Pictures must be kept out of the copy. Every entry is to be duplicated exactly.

Segment Start: Information given

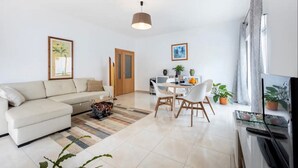 Ein modernes Wohnzimmer mit einer Couch, einem Esstisch, Stühlen, einem Fernseher und einem großen Fenster.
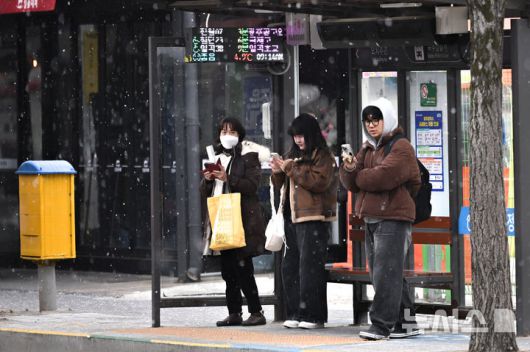 [광주=뉴시스] 이영주 기자 = 광주지역에 최대 5㎝ 적설량이 예보된 21일 오전 광주 북구 오치동 한 버스정류장에서 시민들이 눈을 피하며 시내버스를 기다리고 있다. 2026.01.21. leeyj2578@newsis.com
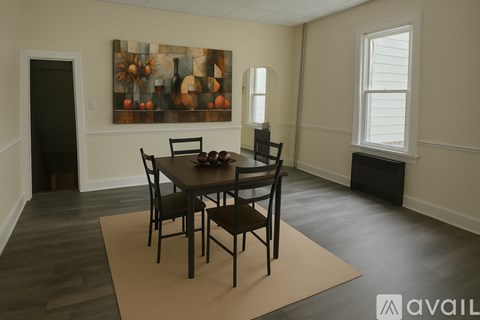 A dining room with a table and chairs.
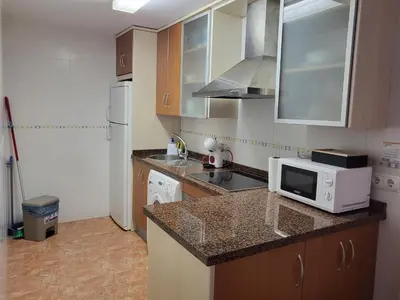 Una cocina o zona de cocina en ¡Apartamento cerca de la piscina en paraíso de Vera!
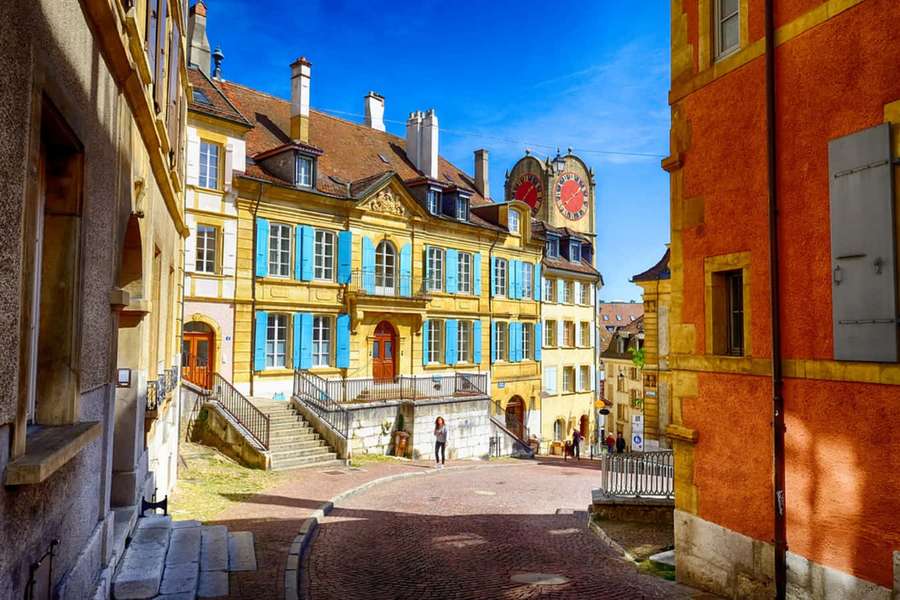 Colorful historic buildings line a cobblestone street under a bright blue sky. — Neuchâtel Wallpaper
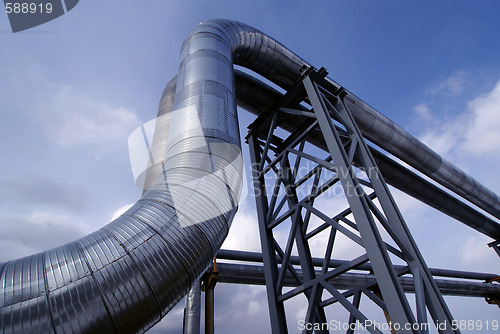 Image of industrial pipelines on pipe-bridge against blue sky   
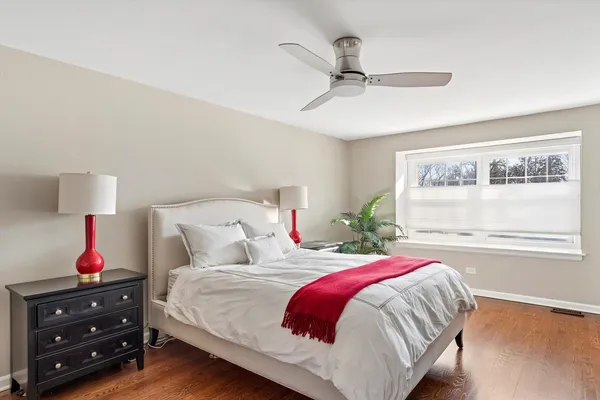 a spacious bathroom with a granite countertop sink toilet and shower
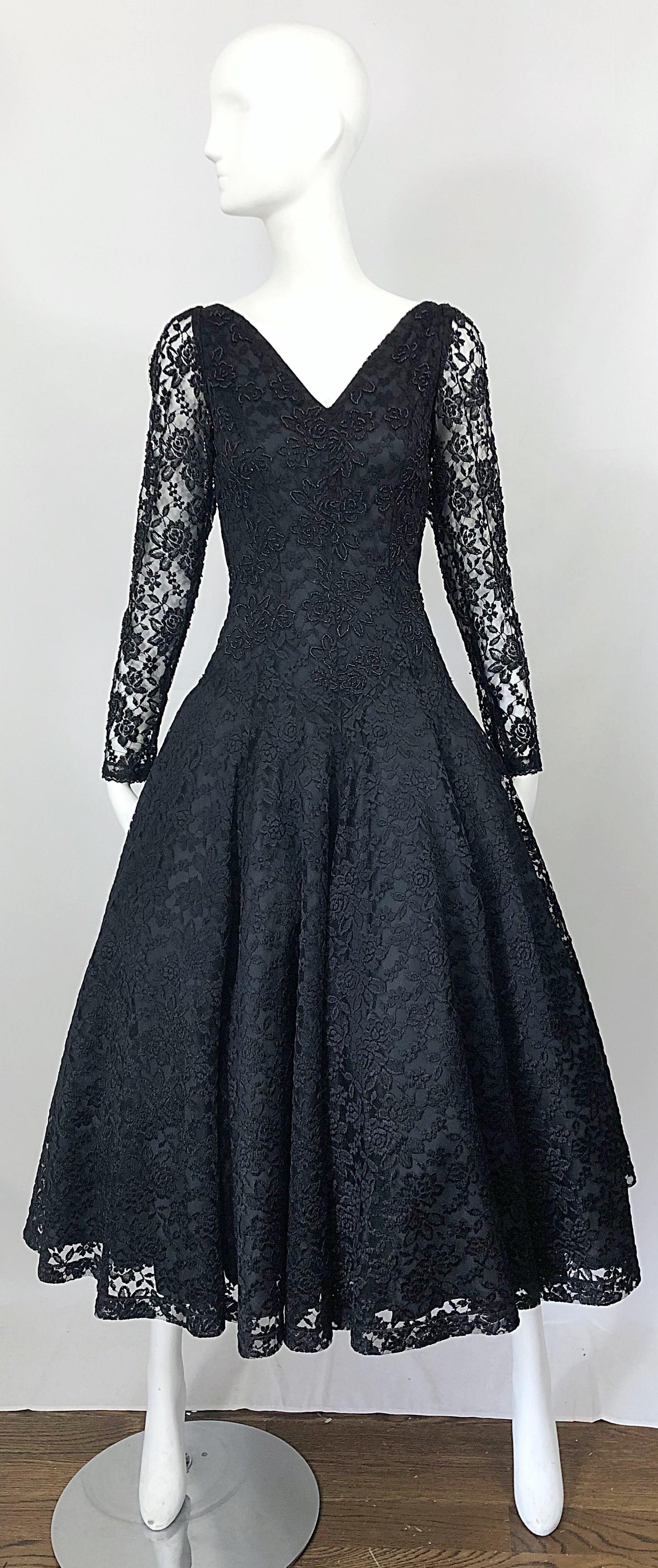 Stunning 1950s demi couture black chantilly lace beaded long sleeve fit n' flare dress! There are so many details on this beauty! Tailored bodice with thousands of hand-sewn black seed beads throughout the bodice. Amazing full skirt can easily fit a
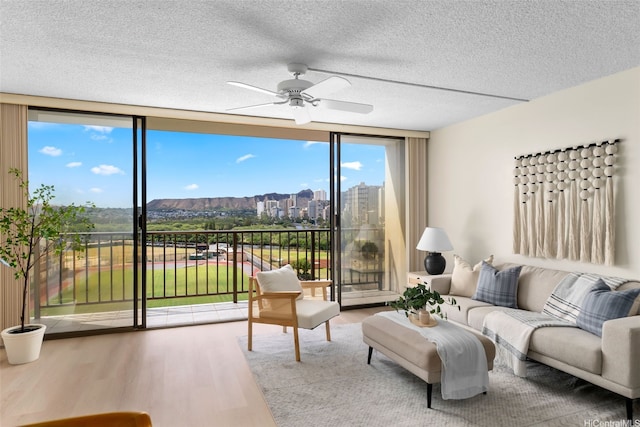 2444 Hihiwai St Unit 902, Honolulu, HI 96826 - living area featuring wood finished floors, expansive windows, a ceiling fan, a textured ceiling, and a mountain view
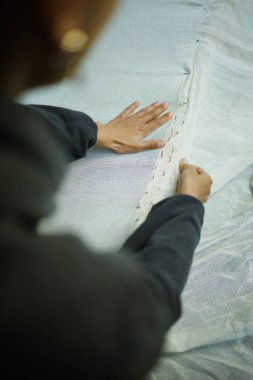 Atölyedeki halı tuvalini tamir ederken kısmen çekilmiş bir resim.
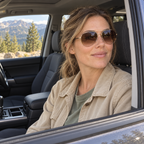 VELORELA Woman wearing gold and brown aviator sunglasses in a parked SUV passenger seat
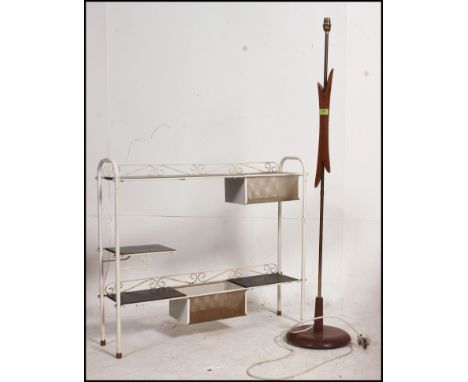 A retro 1960's teak wood standard lamp together with a metal plant stand, the mesh stand with black glass insets. Plant stand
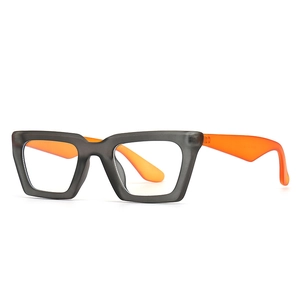 Gafas de sol cat-eye modernas con montura gris y patillas en naranja vibrante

Segment End: Information given

### Solution to this task:
 Ein modernes Wohnzimmer mit einer Couch, einem Esstisch, Stühlen, einem Fernseher und einem großen Fenster.
 [광주=뉴시스] 이영주 기자 = 광주지역에 최대 5㎝ 적설량이 예보된 21일 오전 광주 북구 오치동 한 버스정류장에서 시민들이 눈을 피하며 시내버스를 기다리고 있다. 2026.01.21. leeyj2578@newsis.com
 A dining room with a table and chairs.
 Una cocina o zona de cocina en ¡Apartamento cerca de la piscina en paraíso de Vera!
 Colorful historic buildings line a cobblestone street under a bright blue sky. — Neuchâtel Wallpaper
 Image of industrial pipelines on pipe-bridge against blue sky   
 a spacious bathroom with a granite countertop sink toilet and shower
 Stunning 1950s demi couture black chantilly lace beaded long sleeve fit n' flare dress! There are so many details on this beauty! Tailored bodice with thousands of hand-sewn black seed beads throughout the bodice. Amazing full skirt can easily fit a
 2444 Hihiwai St Unit 902, Honolulu, HI 96826 - living area featuring wood finished floors, expansive windows, a ceiling fan, a textured ceiling, and a mountain view
 Atölyedeki halı tuvalini tamir ederken kısmen çekilmiş bir resim.
 VELORELA Woman wearing gold and brown aviator sunglasses in a parked SUV passenger seat
 A retro 1960's teak wood standard lamp together with a metal plant stand, the mesh stand with black glass insets. Plant stand
 Gafas de sol cat-eye modernas con montura gris y patillas en naranja vibrante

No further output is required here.